Opinion: Empathy is not weakness

Ghent, CC BY-SA 4.0 ,—via Wikimedia Commons

By JEAN STIMMELL

Published: 04-20-2025 8:01 AM

Jean Stimmell, retired stone mason and psychotherapist, lives in Northwood and blogs at jeanstimmell.blogspot.com.

According to Elon Musk, “The fundamental weakness of Western civilization is empathy.”

When I read this in the Guardian, I almost fell out of my chair. Sadly, it gets worse! This heresy is not merely a hallucination emanating from Elon’s ketamine-fueled brain: It is gaining traction not only among evangelical Christians, “who have begun to recast the pangs of empathy that might complicate their support for Donald Trump” but also Catholics in the JD Vance mold.⁠

This is, perhaps, the most extreme example of the Trump Administration engaging in what George Orwell called “doublespeak,” coining the word in his dystopian novel “1984.” This is a trick to try to fool citizens into believing things are the opposite of what they really are. Examples of Orwellian doublespeak include “war is peace” and “freedom is slavery.”

“Empathy is weakness” is Elon’s over-the-top contribution to doublespeak. It flies in the face of the Golden Rule, which calls on us to treat others as we would want to be treated by them. Various expressions of this rule have been the bedrock of religions and creeds throughout the ages.

The Golden Rule gained strength as recently as the Obama administration, when scientists discovered “mirror cells,” a type of nerve cell that reacts both when a subject performs an action and when the subject sees that action performed by someone else.

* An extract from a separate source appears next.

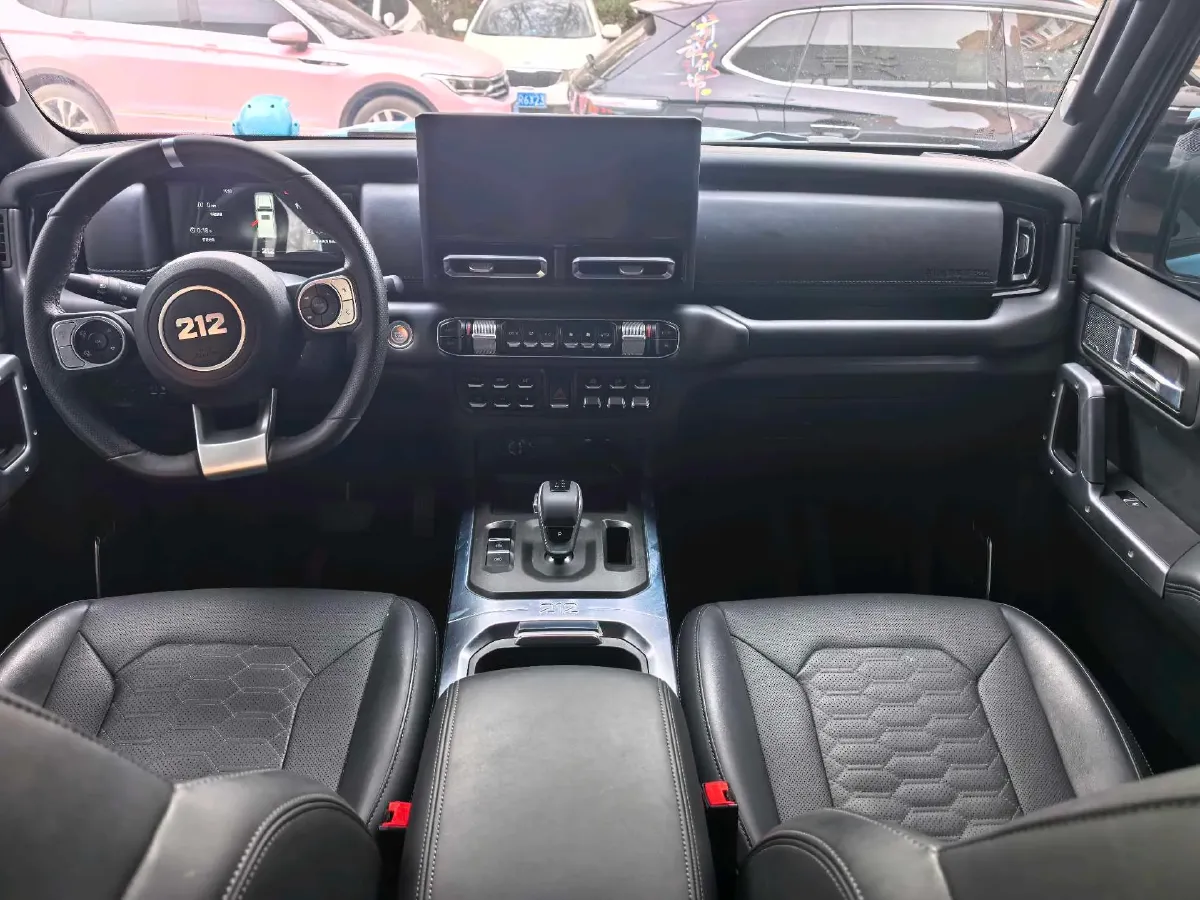 2025 212 212 T01 2.0T 252HP L4 8AT,autocango,china used car exporter,china ev exporter,chinese used car exporter,chinese used ev exporter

This discovery provided a biological explanation for empathy, strengthening religion’s age-old claim. Perhaps this is what led President Obama to declare that America was not suffering from a budget deficit but an empathy deficit.

What a transformation from then to now: from the height of Obama lamenting the cuts to social programs as an ‘empathy deficit’ to Musk gleefully slicing through social programs while wielding a giant chainsaw.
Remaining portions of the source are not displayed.